What the exercise asks -> Would you please retype, exactly, the lines of the listing below between the line with "1047 59th Street, Oakland" and the line with "SunriseAngkor (9).jpg", inclusive?

Supplied information ->
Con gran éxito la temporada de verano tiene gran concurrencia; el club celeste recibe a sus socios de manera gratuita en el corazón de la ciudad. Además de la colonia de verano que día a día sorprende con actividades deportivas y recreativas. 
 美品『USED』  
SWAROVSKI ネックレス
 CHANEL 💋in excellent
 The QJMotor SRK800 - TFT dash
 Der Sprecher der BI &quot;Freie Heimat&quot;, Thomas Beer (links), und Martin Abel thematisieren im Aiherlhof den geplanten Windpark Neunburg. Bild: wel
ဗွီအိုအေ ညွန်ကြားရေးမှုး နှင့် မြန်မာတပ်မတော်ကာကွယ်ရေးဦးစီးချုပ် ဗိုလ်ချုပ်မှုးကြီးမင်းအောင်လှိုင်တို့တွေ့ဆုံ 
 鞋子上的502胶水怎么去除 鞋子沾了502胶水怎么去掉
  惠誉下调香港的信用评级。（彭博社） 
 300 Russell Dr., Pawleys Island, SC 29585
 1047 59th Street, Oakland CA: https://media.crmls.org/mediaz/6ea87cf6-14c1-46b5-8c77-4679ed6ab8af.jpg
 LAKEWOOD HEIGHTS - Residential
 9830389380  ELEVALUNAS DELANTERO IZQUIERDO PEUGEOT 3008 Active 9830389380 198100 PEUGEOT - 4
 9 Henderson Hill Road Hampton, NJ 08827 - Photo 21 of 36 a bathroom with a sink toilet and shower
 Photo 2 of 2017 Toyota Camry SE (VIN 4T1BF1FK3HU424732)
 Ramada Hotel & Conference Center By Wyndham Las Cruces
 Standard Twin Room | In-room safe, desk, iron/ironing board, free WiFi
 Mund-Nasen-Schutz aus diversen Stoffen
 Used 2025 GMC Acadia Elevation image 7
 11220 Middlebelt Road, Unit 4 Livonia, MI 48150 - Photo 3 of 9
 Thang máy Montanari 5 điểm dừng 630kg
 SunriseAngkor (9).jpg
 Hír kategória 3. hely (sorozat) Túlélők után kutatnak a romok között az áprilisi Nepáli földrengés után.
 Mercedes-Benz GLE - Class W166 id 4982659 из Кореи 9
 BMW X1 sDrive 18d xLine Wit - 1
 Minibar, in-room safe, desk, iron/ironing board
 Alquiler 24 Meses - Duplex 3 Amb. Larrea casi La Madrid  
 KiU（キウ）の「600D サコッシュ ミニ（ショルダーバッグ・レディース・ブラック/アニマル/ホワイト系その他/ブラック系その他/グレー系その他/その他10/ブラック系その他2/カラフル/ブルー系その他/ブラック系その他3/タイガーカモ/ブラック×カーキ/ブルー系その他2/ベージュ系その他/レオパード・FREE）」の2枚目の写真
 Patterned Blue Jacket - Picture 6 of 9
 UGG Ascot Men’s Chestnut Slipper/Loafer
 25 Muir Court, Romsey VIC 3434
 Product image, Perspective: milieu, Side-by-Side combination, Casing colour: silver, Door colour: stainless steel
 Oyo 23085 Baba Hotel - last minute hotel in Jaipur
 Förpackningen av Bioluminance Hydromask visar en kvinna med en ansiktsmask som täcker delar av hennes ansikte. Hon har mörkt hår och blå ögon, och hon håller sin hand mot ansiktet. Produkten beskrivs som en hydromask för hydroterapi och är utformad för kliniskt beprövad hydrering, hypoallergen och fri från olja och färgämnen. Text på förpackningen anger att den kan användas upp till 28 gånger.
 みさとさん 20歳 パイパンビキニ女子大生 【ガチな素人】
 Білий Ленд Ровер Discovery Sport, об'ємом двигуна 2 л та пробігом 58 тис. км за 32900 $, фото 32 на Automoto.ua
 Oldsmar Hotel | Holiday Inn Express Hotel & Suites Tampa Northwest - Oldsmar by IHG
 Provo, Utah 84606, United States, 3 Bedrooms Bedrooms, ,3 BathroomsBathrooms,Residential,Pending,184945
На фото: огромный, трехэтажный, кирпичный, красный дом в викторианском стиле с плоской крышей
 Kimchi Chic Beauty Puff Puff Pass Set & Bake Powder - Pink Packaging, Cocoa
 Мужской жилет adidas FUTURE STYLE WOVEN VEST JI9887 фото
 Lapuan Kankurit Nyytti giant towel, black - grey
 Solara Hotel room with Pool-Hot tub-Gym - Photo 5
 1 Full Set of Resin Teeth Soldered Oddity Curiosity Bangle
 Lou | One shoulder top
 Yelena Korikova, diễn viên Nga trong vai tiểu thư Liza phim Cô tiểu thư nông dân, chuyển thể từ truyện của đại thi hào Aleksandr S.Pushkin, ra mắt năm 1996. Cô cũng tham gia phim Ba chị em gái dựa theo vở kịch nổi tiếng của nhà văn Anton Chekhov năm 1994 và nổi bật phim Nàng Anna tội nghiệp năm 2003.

Response to the exercise ->
 1047 59th Street, Oakland CA: https://media.crmls.org/mediaz/6ea87cf6-14c1-46b5-8c77-4679ed6ab8af.jpg
 LAKEWOOD HEIGHTS - Residential
 9830389380  ELEVALUNAS DELANTERO IZQUIERDO PEUGEOT 3008 Active 9830389380 198100 PEUGEOT - 4
 9 Henderson Hill Road Hampton, NJ 08827 - Photo 21 of 36 a bathroom with a sink toilet and shower
 Photo 2 of 2017 Toyota Camry SE (VIN 4T1BF1FK3HU424732)
 Ramada Hotel & Conference Center By Wyndham Las Cruces
 Standard Twin Room | In-room safe, desk, iron/ironing board, free WiFi
 Mund-Nasen-Schutz aus diversen Stoffen
 Used 2025 GMC Acadia Elevation image 7
 11220 Middlebelt Road, Unit 4 Livonia, MI 48150 - Photo 3 of 9
 Thang máy Montanari 5 điểm dừng 630kg
 SunriseAngkor (9).jpg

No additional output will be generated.